Das private Hauspersonal wurde nun ebenfalls den Begrenzungsmassnahmen unterstellt. Auch die Freizügigkeit blieb weiterhin eingeschränkt. Die Eidg. Fremdenpolizei wurde ermächtigt, 5000 Umwandlungsbewilligungen für die sogenannten unechten Saisonverhältnisse zu erteilen. Es geht dabei um jene ausländischen Arbeitskräfte, die nicht nur Jahr um Jahr bis zu neun Monaten in der Schweiz arbeiten, sondern bis zu elf Monaten und vielleicht noch ein oder zwei Wochen mehr.

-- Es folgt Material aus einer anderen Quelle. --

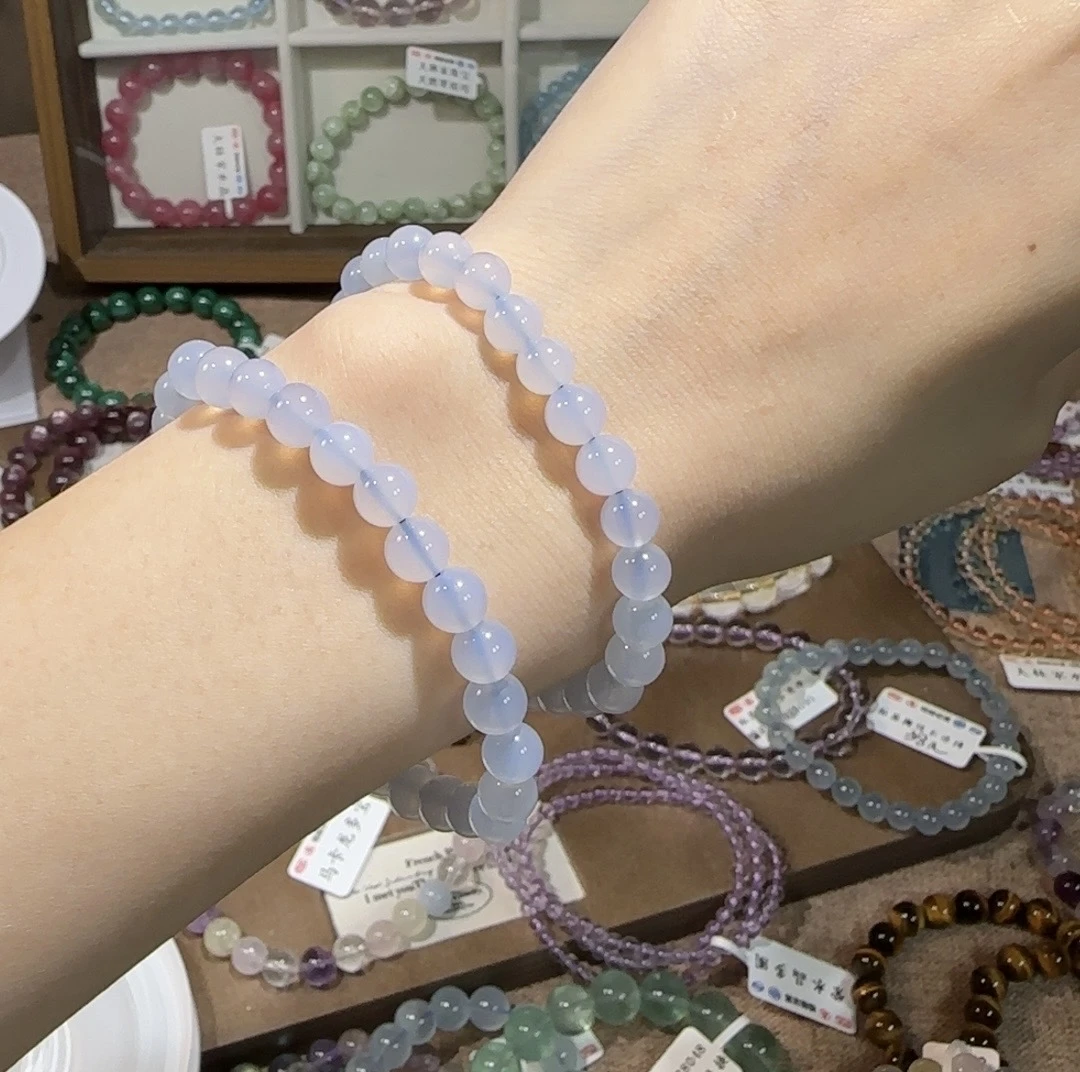 天空蓝玉髓手串7mm 毕业级 多样化发其一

Die Stabilisierungspolitik des Bundesrates fand namentlich von gewerkschaftlicher Seite Unterstützung [6]. Dagegen wurde sie vom Gewerbeverband und von gewissen Unternehmerkreisen kritisiert [7]. Das Problem der Saisonarbeiter, das schon früher zu Spannungen geführt hatte [8], wurde insbesondere von in- und ausländischen Gewerkschaften sowie von den Fremdarbeitern selbst aufgegriffen. Diese verlangten die Abschaffung des Saisonniersstatuts bzw. die rechtliche Gleichstellung aller Arbeitnehmer, was auch die Gewährung der Freizügigkeit implizierte [9]. Überdies forderten einige Gruppen die Revision des Einwanderungsabkommens mit Italien [10]. Bundesrat N. Celio und BIGA-Direktor A. Grübel befürworteten solche Vorstösse. Jener kündigte ein neues Einwanderungsabkommen mit Italien für Saisonarbeiter und Grenzgänger an, das Konzessionen von schweizerischer Seite enthalten werde; gleichzeitig erklärte er sich in seiner Funktion als Bundespräsident auch als Präsident der ausländischen Arbeiter [11]. A. Grübel erwog namentlich die Möglichkeit, Saisonbewilligungen für höchstens sechs Monate zu bewilligen sowie vermehrte Freizügigkeit einzuführen [12]. Die Beziehungen zu Italien blieben indessen etwas getrübt. Allerdings vereinbarten Bundesrat P. Graber und der italienische Aussenminister Moro die Wiederaufnahme der Verhandlungen der Gemischten Kommission, nachdem diese Ende 1970 abgebrochen worden waren [13]. Dagegen fand die Gemischte schweizerisch-spanische Kommission in Madrid befriedigende Lösungen für die spanischen Arbeitskräfte in der Schweiz [14]. — Zum ersten Mal traf sich eine Delegation des Schweizerischen Gewerkschaftsbundes (SGB) mit Delegationen der drei grössten italienischen Gewerkschaften. Sie kamen überein, einen Entwurf über gemeinsame Positionen in der Frage der ausländischen Arbeiter in der Schweiz auszuarbeiten [15].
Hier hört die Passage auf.